For Europe, the corridor’s importance is reinforced by the Caspian basin’s role as an energy transit space linking Central Asian producers with European markets via the South Caucasus and Turkey. Pipeline networks and port facilities along the Caspian allows for supply lines that bypass Russian territory, a consideration that has become increasingly important since the start of the Russo-Ukrainian war in 2022. While these routes remain less efficient than pre-war alternatives, their strategic value has risen as energy security priorities in Europe have shifted from cost optimization toward diversification and resilience.

The expansion of transit capacity has also altered how Central Asian states position themselves diplomatically. By acting as intermediaries rather than endpoints in the supply chain, Central Asia nations are now playing the role of facilitators, a position that brings increasing economic and strategic benefits. Their coffers are replenished thanks to transit revenues and infrastructure investment, while the reliance of external actors on these corridors embeds regional stability into their broader strategic interests. As a result, Central Asia’s infrastructure and resource base have drawn sustained attention from external powers seeking to secure access rather than control.

This newfound interest was quickly translated into massive waves of investment into Central Asia. China has consolidated its position as a leading economic partner, accounting for roughly 20 to 25% of total trade for several Central Asian states and investing more than 60 billion dollars since the launch of the Belt and Road Initiative. While Russia’s economic reach has been constrained by sanctions, it retains influence through security ties and labor migration. Income sent back from Russia by migrant workers still represents 20 to 40% of GDP in countries such as Kyrgyzstan and Tajikistan, highlighting the extent to which migrant labor from Central Asia remains essential to the Russian economy.

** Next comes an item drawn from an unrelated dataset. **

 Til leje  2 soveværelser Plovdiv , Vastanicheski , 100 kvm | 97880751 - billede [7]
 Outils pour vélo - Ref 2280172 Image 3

The European Union is also heavily invested in the region, pledging more than 10 billion euro in 2024 for sustainable transport connectivity in Central Asia. Moreover, the European Union is currently the largest foreign investor in Kazakhstan, responsible for over 40% of all foreign investment in the country, an approach it is seeking to extend to other Central Asian nations. Turkey, meanwhile, has combined expanding trade, exceeding 20 billion dollars, with an increasingly explicit cultural and institutional strategy. At the start of the 2024-2025 academic year, Turkish education authorities replaced the term Central Asia with Turkistan in official history textbooks, pointing to a longer-term attempt to shape regional narratives through institutional channels.

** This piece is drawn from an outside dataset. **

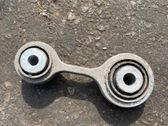 Rear control arm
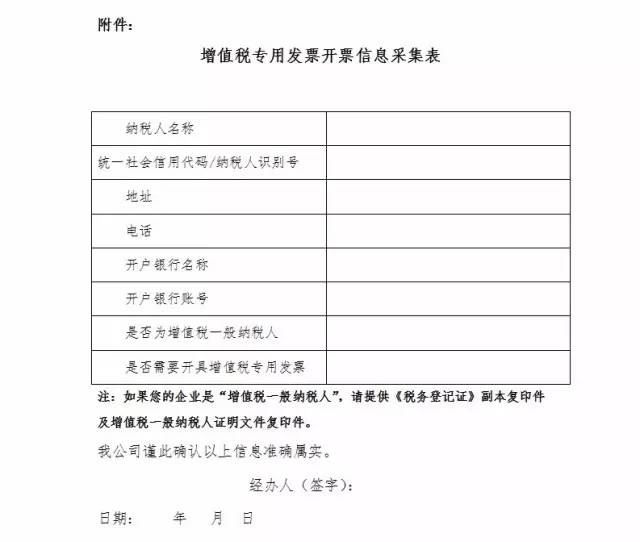 「全國(guó)專(zhuān)利代理責(zé)任保險(xiǎn)行業(yè)統(tǒng)保示范項(xiàng)目」正式啟動(dòng)實(shí)施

Even the United States is trying to get a piece of the pie. While trade remains limited, Washington has reinvigorated engagement through the C5+1 framework, culminating in a recent Central Asian leaders’ summit in Washington that signaled rapprochement and a renewed emphasis on political dialogue and critical minerals rights.

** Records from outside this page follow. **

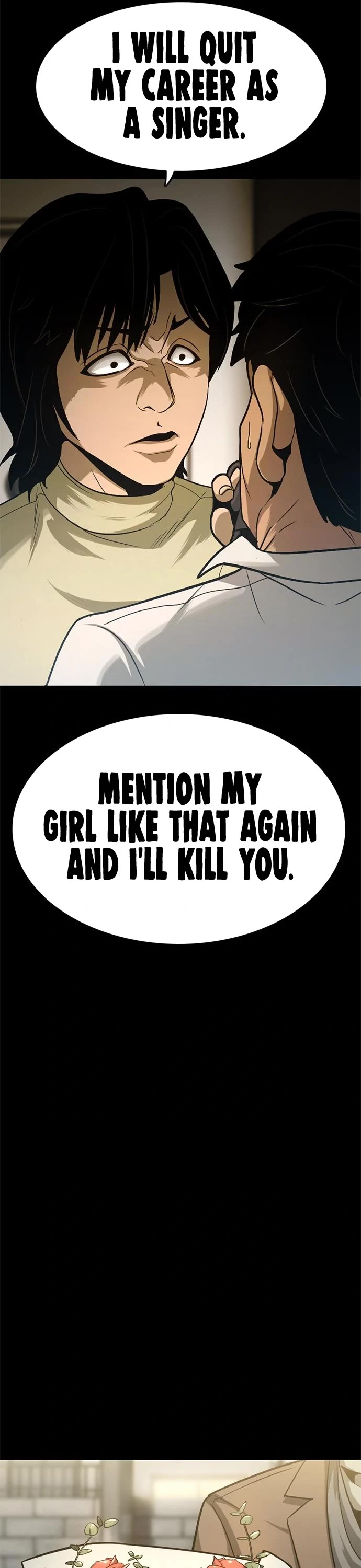 Death Row Boy Chapter 38 page 53 - Chapter 38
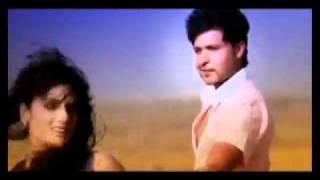 Tere kana di wali by omer inayat [upl. by Philips]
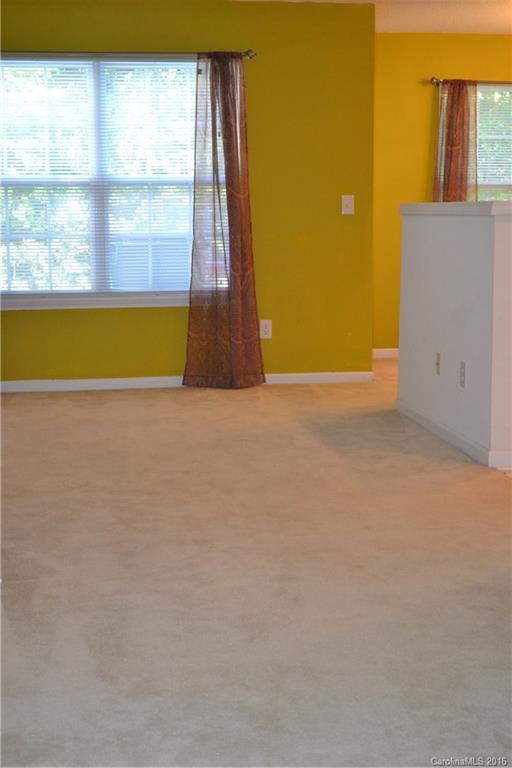 Old Stone Crossing - Residential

As external powers expand their presence, Central Asian states have responded by engaging several partners at once rather than committing to any single one. This allowed them to avoid exclusive alignment while extracting economic, political, and infrastructural benefits from competing initiatives. At the same time, overexposure to geopolitical competition carries its own dangers, as rival powers may seek leverage rather than partnership if regional balances shift. And how effectively these states manage their interest and those of their newfound investors will determine whether this renewed relevance translates into lasting strategic advantage.